“The Seven Dorks”

         Sydney White (2007), directed by Joe Nussbaum, is loosely based on the story of Snow White, both the 1812 Brothers Grimm version and the 1937 Disney film version. The movie takes several elements from both versions of the classic story. The pieces from the story are pieced together and reworked to fit unto the modern college-life plot.

         The first, most obvious reference is in the name of the main character, Sydney White, played by Amanda Bynes. She is the “Snow White” of the movie.
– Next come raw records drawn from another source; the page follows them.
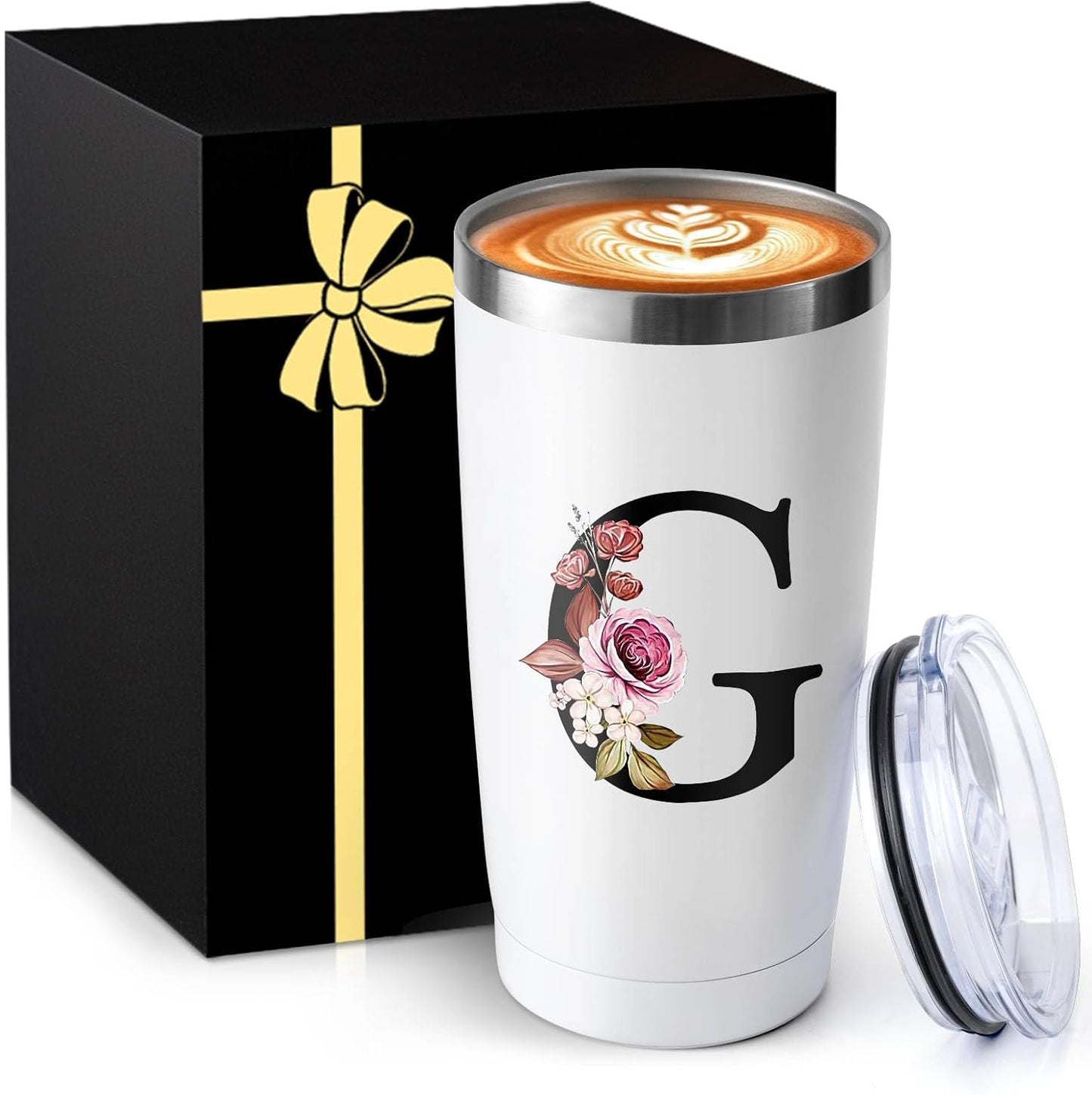 20 Oz Letter Insulated Coffee Cup with Lid Car Tumbler Travel Mug Happy Birthday Personalized Gifts Women Adult Who Have Everything Want Nothing Mom Cool Unique Special Christmas Initial Present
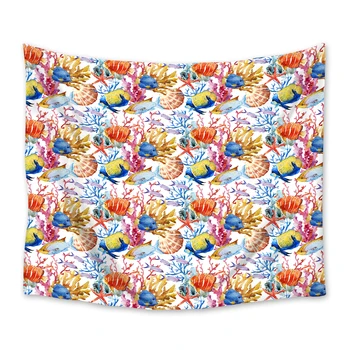 

Marine Life Fish Coral Tapestry Wall Hanging Tapestries Bedspread Art Decor Blanket Throw Towel Window Curtain Yoga Mat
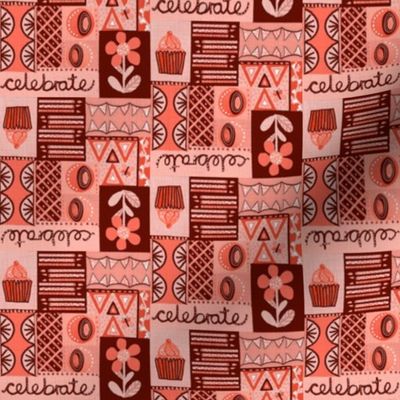 Let’s Party half drop block design multicoloured with linen effect, celebrate typography, bunting, cupcake, candles 6” repeat earthy hues with coral pink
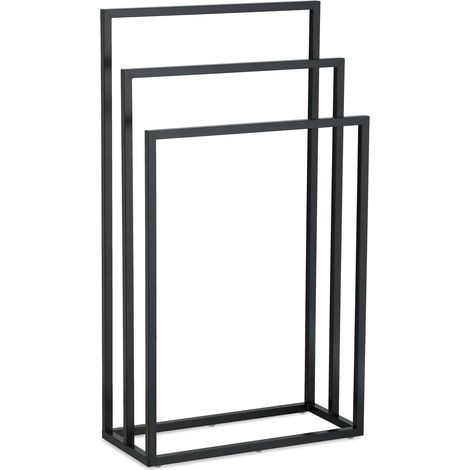 Portasciugamani funzionale a 3 barre per bagno 70 x 80 x 30 cm in acciaio nero 130012669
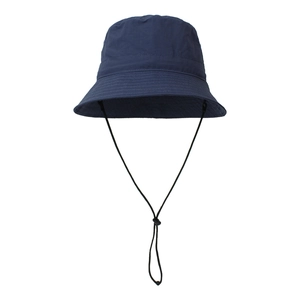 Detail of dark blue sun hat with adjustable drawstring and reinforced stitching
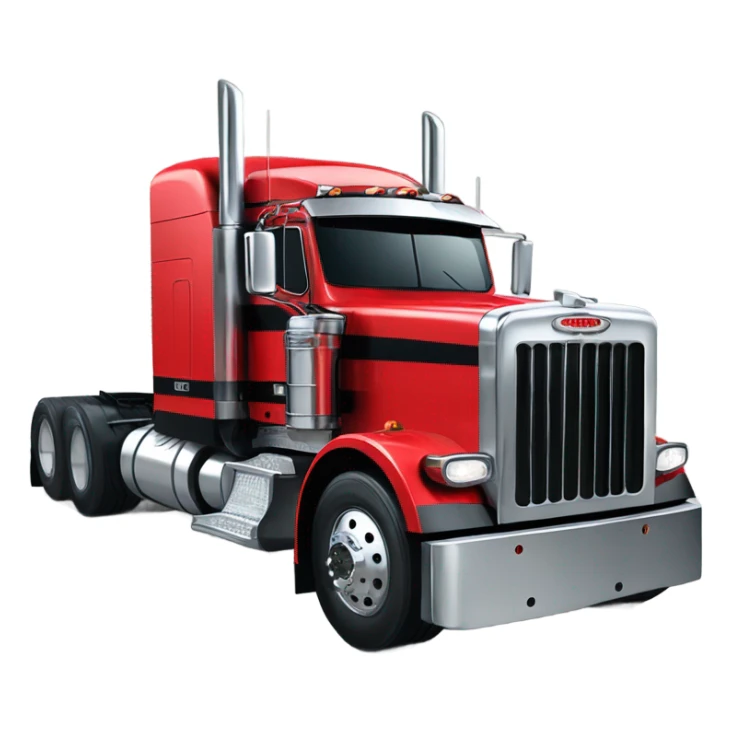 Peterbilt 389 black with red frame with flat top and slash cut exhaust stacks and dual rear tires and flat bumper sticker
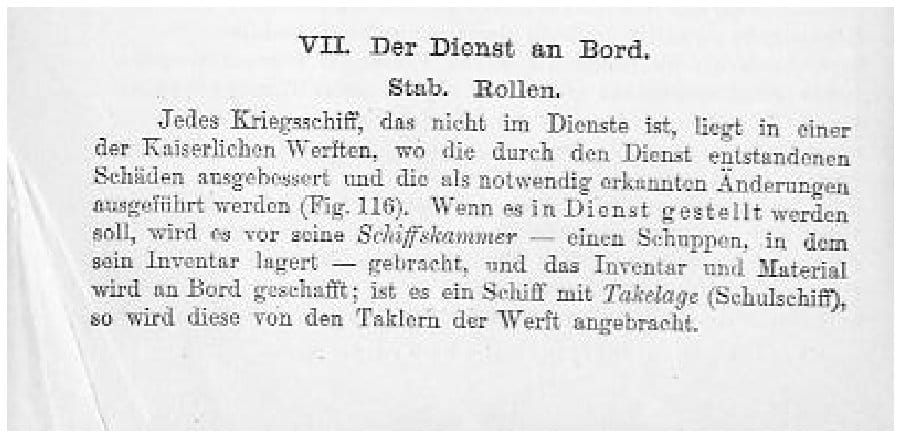 Faksimile des Abschnittsanfangs „VII. Der Dienst an Bord – Stab. Rollen.“ aus „Das Kleine Buch von der Marine“ von 1898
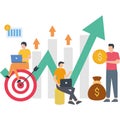 Business team working on financial growth Illustration Royalty Free Stock Photo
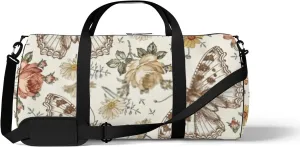 Sports Gym Bag for Women and Men Waterproof Flowers Butterflies Vintage Drawing Duffel Bag Lightweight Carryon Traveling Boarding Gripsack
The antagonist, Rachel Witchburn (played by Sara Paxton), is the president of the sorority that Sydney is trying to become a part of. She serves the purpose of the evil Queen/Stepmother in the earlier versions in the story. Sydney’s love interest, Tyler PRINCE, is played by Matt Long. The seven dorks living in the run-down Vortex are the seven dwarfs that protect Sydney. Their personalities even match up with a dwarf from the Disney movie version: Happy (Spanky/Samm Levine), Sneezy (Lenny/Jack Carpenter), Grumpy (Gurkin/Danny Strong), Dopey (George/Arnie Pantoja), Sleepy (Emele/Donte Bonner), Bashful (Jeremy/Adam Hendershott), and Doc (Terrance/Jeremy Howard).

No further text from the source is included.